Le «Last Post» est joué dans les cas suivants :
– Lors d’un dépôt de fleurs au Tombeau du Soldat Inconnu lorsqu’il n’y a pas de ravivage de la Flamme du Souvenir. Le «Last Post» est joué immédiatement après que la plus haute autorité présente ait déposé une couronne ou une gerbe. Pendant les autres dépôts de fleurs, si une formation musicale est présente, celle-ci jouera de la musique de circonstance;
– Lors de dépôts de fleurs à un monument aux morts.

Sonneries étrangères
Les sonneries étrangères reprises ci-dessous sont exécutées lors de cérémonies commémoratives en hommage aux militaires de ces pays, tombés sur le sol belge lors des deux Guerres Mondiales. Elles peuvent être jouées dans des cimetières (Henri-Chapelle, Waregem, Ypres, etc.), à des monuments érigés à la mémoire de ces soldats, dans des édifices religieux, etc. En principe, les honneurs musicaux sont rendus suivant les règles protocolaires en vigueur dans le pays concerné.

Last Post (UK)
A l’origine, aux 17ème et 18ème siècles, le «Last Post» signalait la dernière activité de la journée. Un gradé et un trompette se rendaient de sentinelle en sentinelle afin de s’assurer qu’elles étaient à leur poste. Arrivé au dernier poste de garde, le trompette sonnait le Last Post marquant la fin de toute activité et le début du repos de la nuit. A la fin des années 1800, la signification du «Last Post» changea. Cette sonnerie devint l’honneur musical rendu aux soldats victimes de leur devoir. Il symbolise le dernier adieu aux soldats tombés et le début de leur repos éternel.
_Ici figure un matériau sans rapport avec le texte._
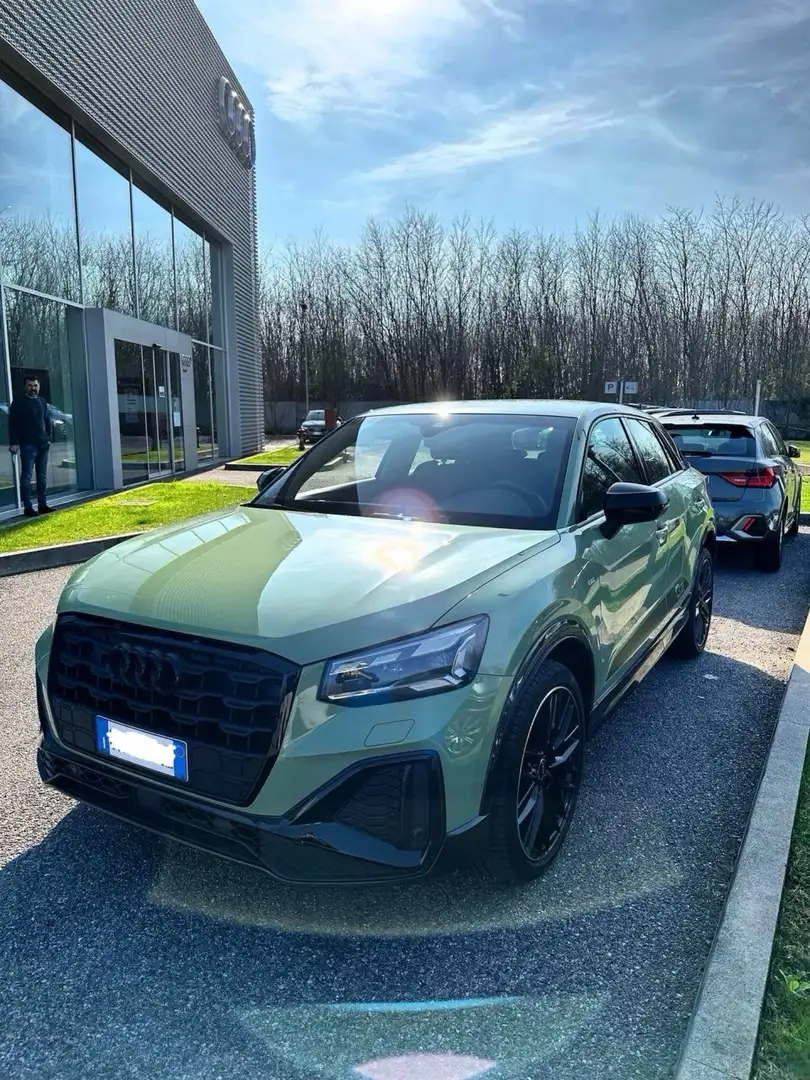 Audi Q2 30 1.0 tfsi S line edition Vert - 1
Le «Last Post» britannique est joué tous les jours depuis le 1 juillet 1928 à Ypres (avec une interruption du 20 mai 1940 au 6 septembre 1944), sous la porte de Menin afin d’honorer les militaires de l’Empire britannique tombés au Saillant d’Ypres.
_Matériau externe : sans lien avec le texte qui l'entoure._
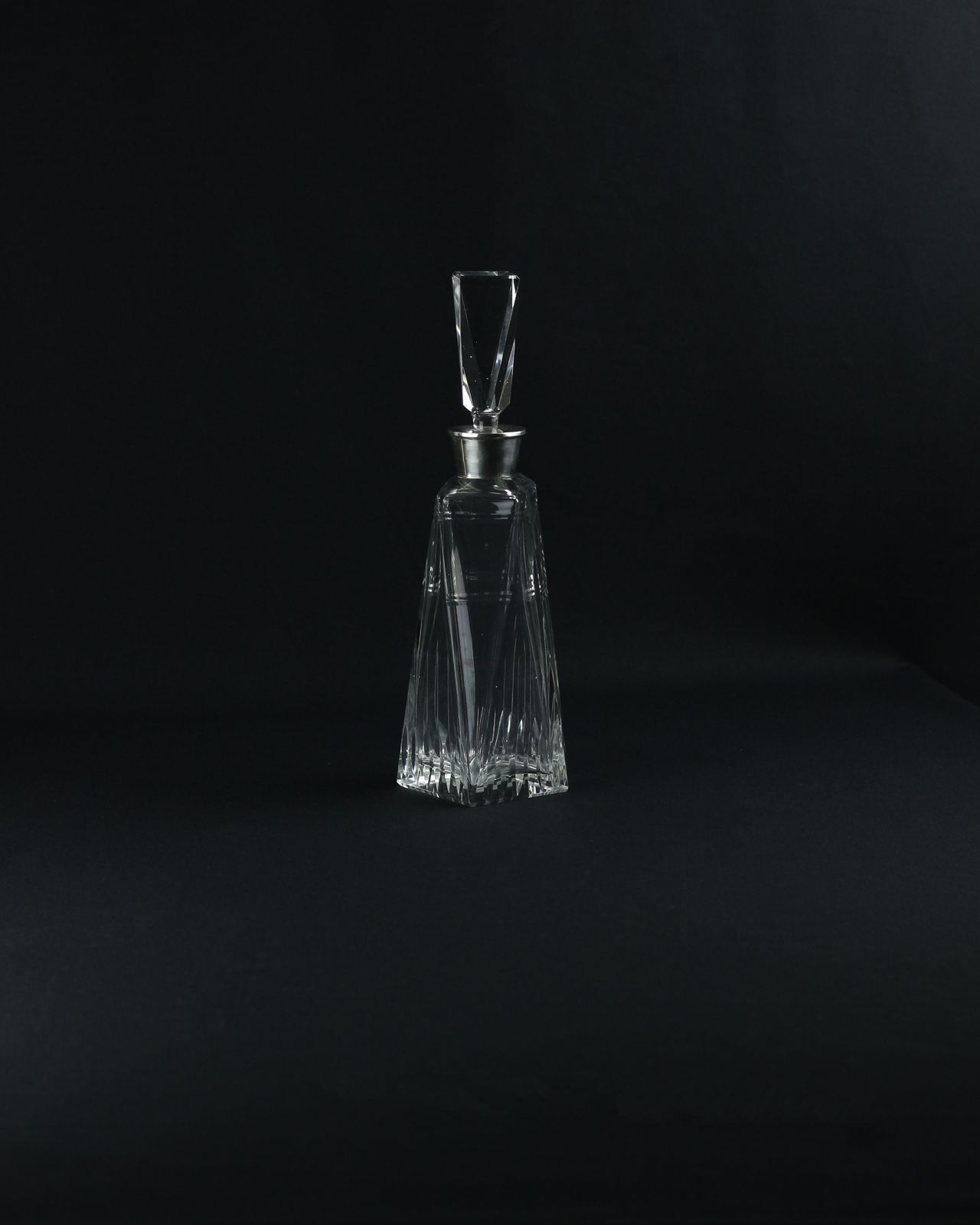 Art Deco Decanter photo 106.0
Le «Last Post» est joué lors de cérémonies commémoratives à la mémoire des soldats des pays du Commonwealth

Reveille (UK)
Le «Reveille» (UK) ou «Rouse», sonnerie qui à l’inverse du «Last Post» marque le réveil de la troupe et le début des activités de la journée est également devenu un signal musical lors de cérémonies commémoratives. Il est sonné après une minute de silence qui suit le «Last Post» ou après le «Lament».

Aux Morts (FR)
Assez étonnement, la sonnerie française «Aux Morts» est relativement récente. Ecrite en 1931 par le Commandant Dupont, Chef de Musique de la Garde républicaine, elle sera officialisée l’année suivante et sera jouée lors de toute commémoration de la Grande Guerre et lors du ravivage de la Flamme à l’Arc de Triomphe à l’Etoile.
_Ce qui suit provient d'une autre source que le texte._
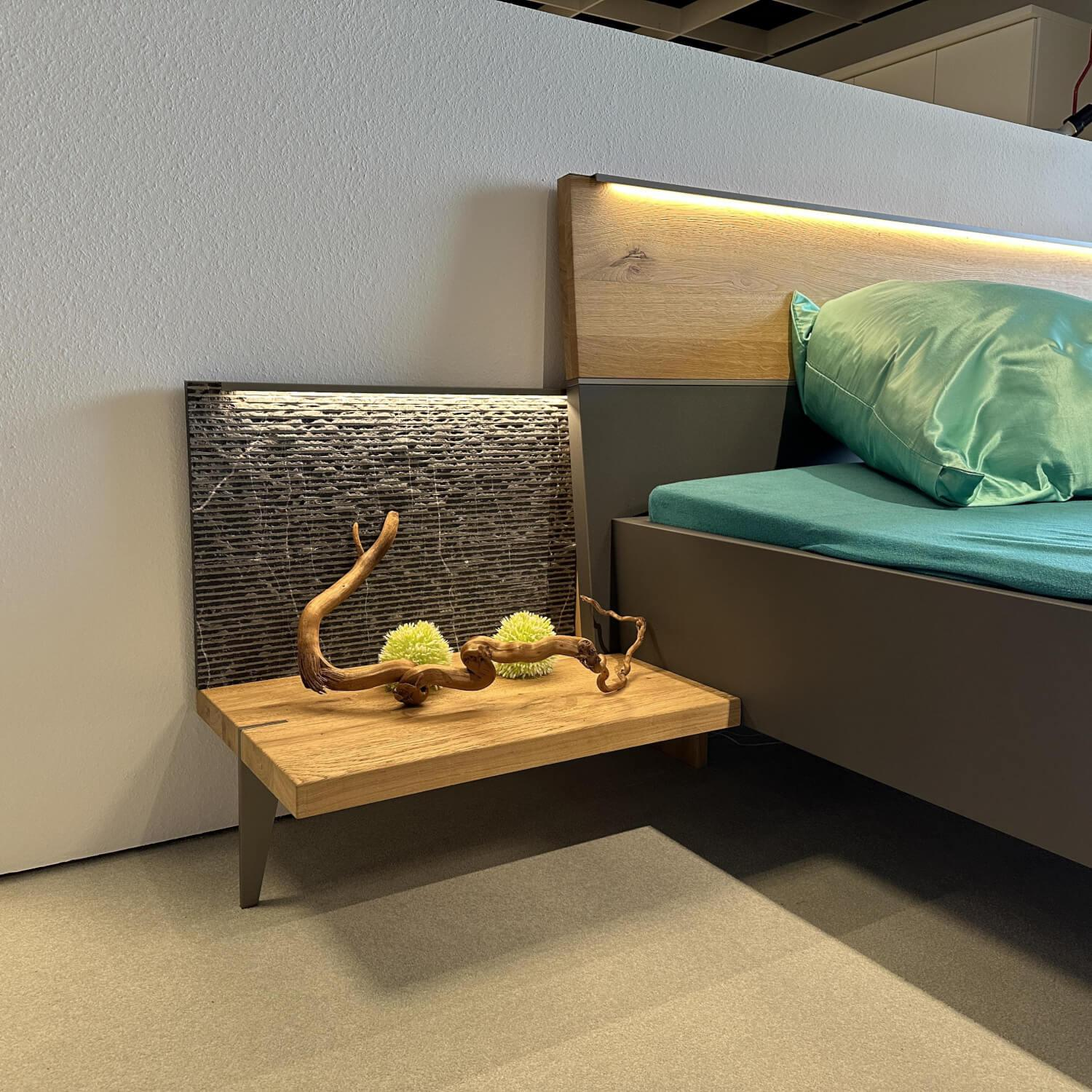 Thielemeyer - Schlafzimmer Milo Wildeiche Massiv Gebürstet Lack Graphit Akzent Naturstein Grau Füße Metall Titan Grau Mit Beleuchtung - 5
Cette sonnerie est exécutée lors de cérémonies honorant les militaires français et des anciennes colonies.

«Aux Morts» est notamment joué lors de commémorations au Tombeau du Poilu Inconnu à Laeken.

Taps (US)
L’histoire du «Taps» remonte à la guerre de Sécession (1861-1865). Le Colonel Daniel Butterfield, aidé par le clairon de sa brigade Oliver Willcox Norton, s’inspire de la sonnerie «Extinction des feux» pour composer le «Taps». A l’issue du conflit, cette sonnerie est officialisée et devient l’honneur musical à la mémoire de toutes les victimes américaines tombées sur tous les théâtres d’hostilités.

En Belgique, à l’instar des sonneries britannique et française, le «Taps» est sonné lors de cérémonies en hommage aux GI’s tombés lors des deux Guerres Mondiales.